- Problem requirements -
Each line in the records below, from the one that contains "El presidente Mauricio" to the one that contains "Apple’ın Kablolulu Kulaklıklarını", should be reproduced exactly, the first and last included.

Source records:
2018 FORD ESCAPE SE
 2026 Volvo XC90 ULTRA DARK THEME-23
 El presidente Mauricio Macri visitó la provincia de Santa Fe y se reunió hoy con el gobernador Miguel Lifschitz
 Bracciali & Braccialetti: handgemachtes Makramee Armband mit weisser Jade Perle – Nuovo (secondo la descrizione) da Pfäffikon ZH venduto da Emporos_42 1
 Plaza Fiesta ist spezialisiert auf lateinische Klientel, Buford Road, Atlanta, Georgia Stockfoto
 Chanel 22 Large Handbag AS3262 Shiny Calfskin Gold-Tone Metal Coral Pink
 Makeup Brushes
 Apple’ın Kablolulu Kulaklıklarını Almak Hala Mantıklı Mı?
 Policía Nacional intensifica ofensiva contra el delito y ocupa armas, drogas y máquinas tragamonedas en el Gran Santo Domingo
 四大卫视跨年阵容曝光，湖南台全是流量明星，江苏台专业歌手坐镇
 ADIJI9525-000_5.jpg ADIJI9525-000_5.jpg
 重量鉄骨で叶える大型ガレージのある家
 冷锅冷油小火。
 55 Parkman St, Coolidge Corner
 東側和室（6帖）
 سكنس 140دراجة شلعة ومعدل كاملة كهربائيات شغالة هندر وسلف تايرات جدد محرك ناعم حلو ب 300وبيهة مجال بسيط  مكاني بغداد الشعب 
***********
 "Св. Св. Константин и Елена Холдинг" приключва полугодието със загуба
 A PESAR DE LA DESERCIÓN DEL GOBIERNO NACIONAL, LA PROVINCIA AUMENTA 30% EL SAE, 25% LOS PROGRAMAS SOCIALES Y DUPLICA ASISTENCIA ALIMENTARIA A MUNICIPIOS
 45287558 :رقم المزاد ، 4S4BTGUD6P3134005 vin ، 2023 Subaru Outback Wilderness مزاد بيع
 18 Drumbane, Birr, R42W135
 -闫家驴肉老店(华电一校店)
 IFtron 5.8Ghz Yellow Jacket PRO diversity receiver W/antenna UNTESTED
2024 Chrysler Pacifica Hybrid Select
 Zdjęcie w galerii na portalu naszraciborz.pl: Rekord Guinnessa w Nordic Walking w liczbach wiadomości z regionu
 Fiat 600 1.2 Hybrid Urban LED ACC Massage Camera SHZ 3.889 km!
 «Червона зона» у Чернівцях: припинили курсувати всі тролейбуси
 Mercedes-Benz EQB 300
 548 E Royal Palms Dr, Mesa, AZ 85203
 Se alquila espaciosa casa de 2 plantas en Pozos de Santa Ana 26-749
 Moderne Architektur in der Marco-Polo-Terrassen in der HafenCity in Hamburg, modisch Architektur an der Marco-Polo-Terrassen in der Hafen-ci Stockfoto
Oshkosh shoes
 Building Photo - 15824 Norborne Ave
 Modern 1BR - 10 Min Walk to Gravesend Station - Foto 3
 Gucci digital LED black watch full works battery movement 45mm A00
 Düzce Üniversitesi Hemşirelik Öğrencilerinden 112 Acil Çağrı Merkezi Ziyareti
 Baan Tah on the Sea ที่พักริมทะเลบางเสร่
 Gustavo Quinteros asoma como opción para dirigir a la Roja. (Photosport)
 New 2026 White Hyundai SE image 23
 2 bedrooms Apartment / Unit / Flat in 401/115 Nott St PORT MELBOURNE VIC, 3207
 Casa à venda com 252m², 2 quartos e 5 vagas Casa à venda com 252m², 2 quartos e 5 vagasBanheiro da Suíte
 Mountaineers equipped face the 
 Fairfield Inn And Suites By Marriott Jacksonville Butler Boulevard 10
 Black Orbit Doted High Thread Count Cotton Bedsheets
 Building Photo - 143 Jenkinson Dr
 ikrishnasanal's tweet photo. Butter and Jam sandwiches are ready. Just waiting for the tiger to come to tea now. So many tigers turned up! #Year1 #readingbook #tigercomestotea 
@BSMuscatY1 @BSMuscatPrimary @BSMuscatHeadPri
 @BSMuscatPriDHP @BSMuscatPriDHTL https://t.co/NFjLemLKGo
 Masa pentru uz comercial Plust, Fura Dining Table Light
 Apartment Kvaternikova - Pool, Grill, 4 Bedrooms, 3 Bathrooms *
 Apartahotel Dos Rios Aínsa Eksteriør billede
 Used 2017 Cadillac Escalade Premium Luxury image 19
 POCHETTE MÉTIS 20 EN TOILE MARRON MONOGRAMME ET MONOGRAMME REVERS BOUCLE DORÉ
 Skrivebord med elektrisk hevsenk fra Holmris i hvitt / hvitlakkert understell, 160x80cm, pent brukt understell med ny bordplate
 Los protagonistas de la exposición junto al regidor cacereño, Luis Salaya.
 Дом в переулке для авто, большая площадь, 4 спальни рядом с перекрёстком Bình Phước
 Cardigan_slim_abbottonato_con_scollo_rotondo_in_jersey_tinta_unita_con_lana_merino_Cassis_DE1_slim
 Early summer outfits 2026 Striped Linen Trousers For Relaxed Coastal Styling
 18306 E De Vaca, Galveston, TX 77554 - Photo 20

- Finished task -
 El presidente Mauricio Macri visitó la provincia de Santa Fe y se reunió hoy con el gobernador Miguel Lifschitz
 Bracciali & Braccialetti: handgemachtes Makramee Armband mit weisser Jade Perle – Nuovo (secondo la descrizione) da Pfäffikon ZH venduto da Emporos_42 1
 Plaza Fiesta ist spezialisiert auf lateinische Klientel, Buford Road, Atlanta, Georgia Stockfoto
 Chanel 22 Large Handbag AS3262 Shiny Calfskin Gold-Tone Metal Coral Pink
 Makeup Brushes
 Apple’ın Kablolulu Kulaklıklarını Almak Hala Mantıklı Mı?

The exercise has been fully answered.